Elles n'ont pas besoin de savoir qu'elles sont plusieurs, chacune fonctionne pour son compte, c'est pourquoi certaines adresses logiques peuvent correspondre à l'une comme à l'autre.

Cependant, grâce aux tables de conversions d'adresses, les deux applications occuperont physiquement des zones de RAM distinctes.

adresses Imaginons maintenant que l'utilisateur démarre une troisième application C.

Elle aussi, toujours pour les mêmes raisons, peut utiliser des adresses logiques déjà employées par A ou B.

Le système doit mettre à jour les tables de translation d'adresses, mais il n'y a plus de place disponible en RAM physique.

adresses Le système va donc faire de la place, en déplaçant par exemple, le contenu de la RAM utilisée par l'application A vers le fichier d'échange sur disque dur.

Cette place en RAM est maintenant disponible pour l'application C.

Bien entendu, lorsque ce sera au tour de A de reprendre le travail, il faudra que l'OS restitue la zone de RAM disponible pour A (au même endroit ou ailleurs, ça n'a aucune importance, du moment que les tables de translation sont maintenues à jour).

Tout ceci reste très schématique, encore une fois. Dans la réalité, les choses se passent de façon un tout petit peu plus compliquée, mais le principe général est bien celui qui a été exposé.

Le "swap"

Le "swap" (échange de zones de données entre la mémoire vive et la mémoire de masse), intervient donc principalement lorsque la place vient à manquer en mémoire vive. La procédure est bien entendu assez longue et pénalise lourdement les performances.

Il est également possible d'exploiter une variante du swap, dans le cas de librairies dynamiques (les dll sous Windows, ou leur équivalent sous d'autres systèmes).
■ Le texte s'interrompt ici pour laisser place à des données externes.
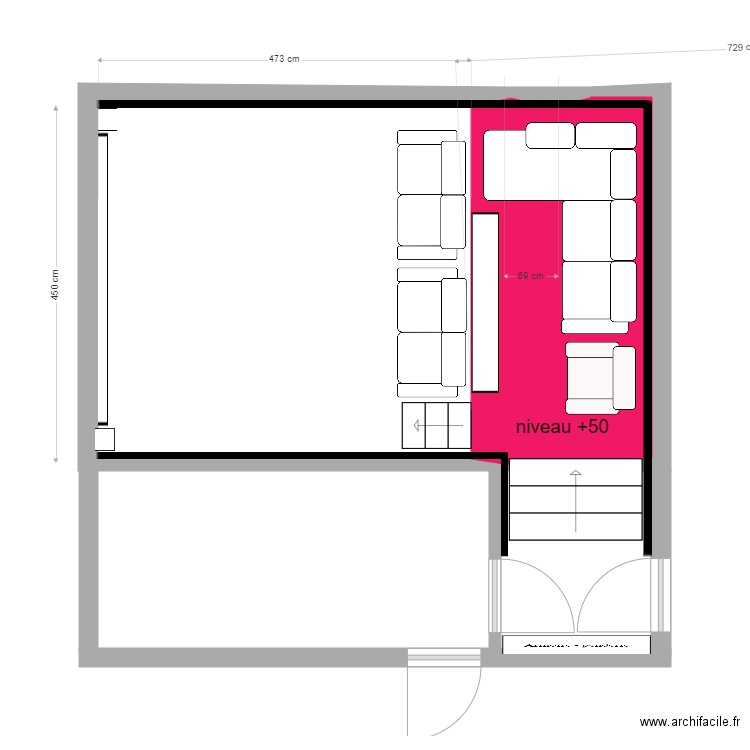 F41a. Plan de 0 pièce et 0 m2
Elles contiennent des "sous programmes" que les applications peuvent appeler si besoin est. Un mécanisme analogue à celui qui a été vu permet de les charger en RAM en cas de besoin.

Les exceptions de la MMU

Une exception est une sorte d'interruption. Dans le cas de la MMU, une exception sera levée chaque fois qu'une traduction d'adresse logique ne pourra donner une adresse physique, et sera traitée par le système d'exploitation. Le traitement variera en fonction de la nature de l'exception.

Plusieurs cas peuvent se présenter, mais qui se ramènent plus ou moins aux deux cas suivants :

N'oublions pas que l'OS lui même n'est qu'une application informatique. Certes un peu particulière. L'OS utilise donc lui aussi ce mécanisme d'adresses virtuelles, à partir d'un certain niveau d'avancement lors de son chargement, et durant toute la durée de la session (qui peut durer plusieurs années sur un serveur).

Lorsqu'une exception se produit sur une application de l'espace utilisateur, il n'y a généralement pas de problèmes, l'OS peut détruire cette application et poursuivre son travail.

Lorsqu'une exception se produit sur l'OS lui-même, soit elle fait appel au swap, auquel cas, il n'y a généralement pas de problèmes non plus, soit il faut détruire l'application, c'est à dire l'OS lui-même. Sur des systèmes comme Windows XP, ça se termine par un "reboot" ou un écran bleu, sur un système comme GNU/Linux, ça se termine par un message de type "kernel panic". Le système s'arrête, n'est plus opérationnel et il faut effectuer un "reset".